Source records
■ ■ ■
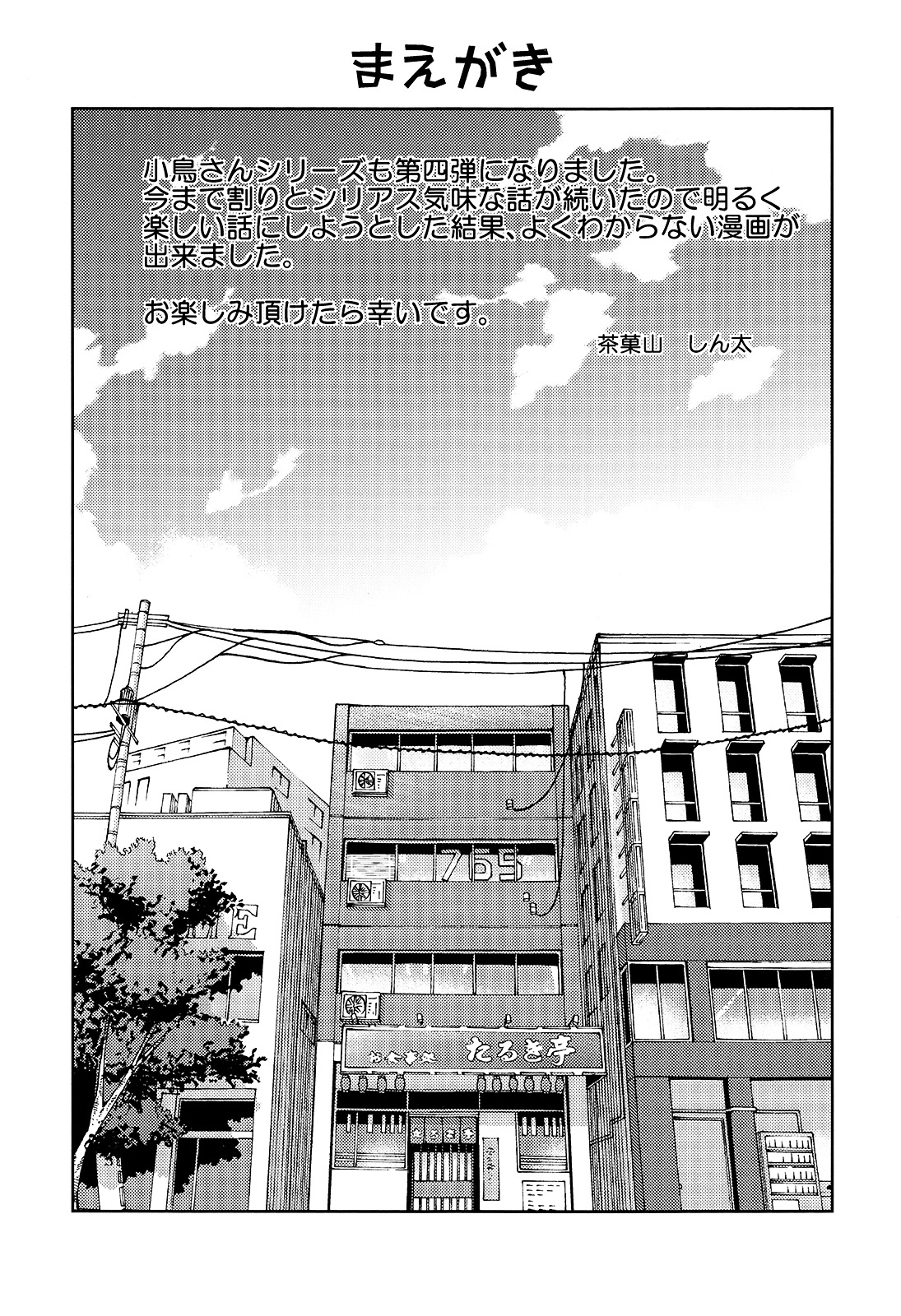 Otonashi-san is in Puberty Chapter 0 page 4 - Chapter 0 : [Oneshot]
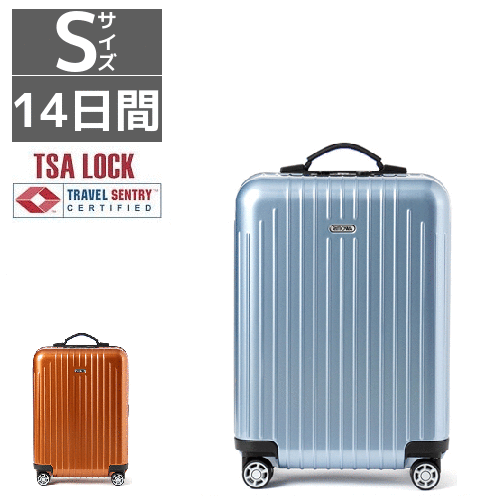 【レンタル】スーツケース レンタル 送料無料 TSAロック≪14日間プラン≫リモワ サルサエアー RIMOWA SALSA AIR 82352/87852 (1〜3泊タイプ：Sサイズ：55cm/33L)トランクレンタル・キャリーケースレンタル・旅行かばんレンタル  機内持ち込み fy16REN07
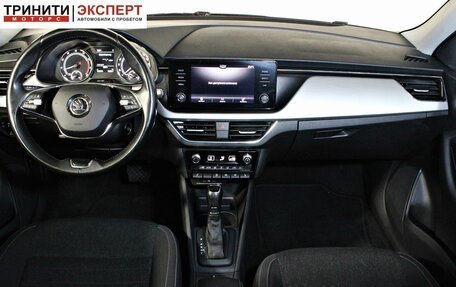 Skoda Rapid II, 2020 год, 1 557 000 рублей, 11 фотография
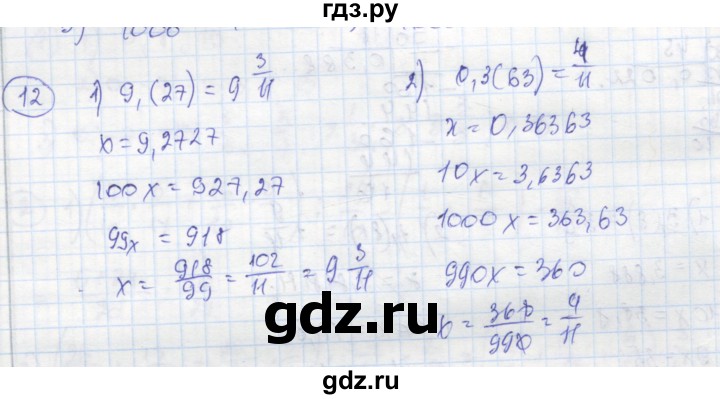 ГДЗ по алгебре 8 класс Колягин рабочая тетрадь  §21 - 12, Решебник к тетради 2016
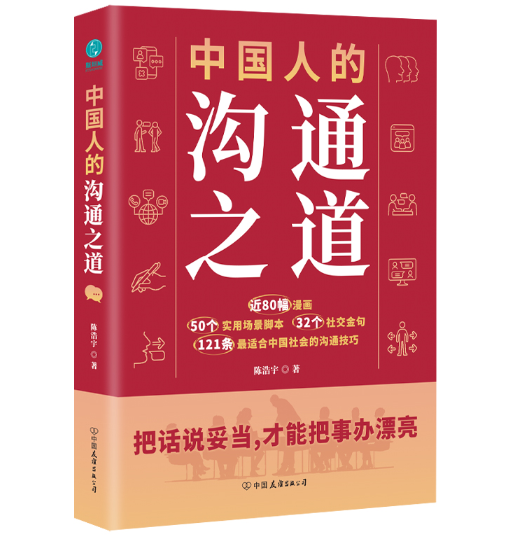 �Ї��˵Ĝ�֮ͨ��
■ ■ ■
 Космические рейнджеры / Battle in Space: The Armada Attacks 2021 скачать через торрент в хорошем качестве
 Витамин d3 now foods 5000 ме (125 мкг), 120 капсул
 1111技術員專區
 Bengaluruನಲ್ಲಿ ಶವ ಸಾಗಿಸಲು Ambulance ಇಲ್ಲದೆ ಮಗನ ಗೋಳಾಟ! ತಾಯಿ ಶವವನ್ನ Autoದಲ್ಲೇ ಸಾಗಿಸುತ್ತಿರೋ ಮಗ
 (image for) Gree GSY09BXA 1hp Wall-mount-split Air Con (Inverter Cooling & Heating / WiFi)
■ ■ ■
Brief
Please give again the lines above between the line holding "Космические рейнджеры /" and the line holding "(image for) Gree", inclusive, exactly as they are and with nothing added.

Answer below
 Космические рейнджеры / Battle in Space: The Armada Attacks 2021 скачать через торрент в хорошем качестве
 Витамин d3 now foods 5000 ме (125 мкг), 120 капсул
 1111技術員專區
 Bengaluruನಲ್ಲಿ ಶವ ಸಾಗಿಸಲು Ambulance ಇಲ್ಲದೆ ಮಗನ ಗೋಳಾಟ! ತಾಯಿ ಶವವನ್ನ Autoದಲ್ಲೇ ಸಾಗಿಸುತ್ತಿರೋ ಮಗ
 (image for) Gree GSY09BXA 1hp Wall-mount-split Air Con (Inverter Cooling & Heating / WiFi)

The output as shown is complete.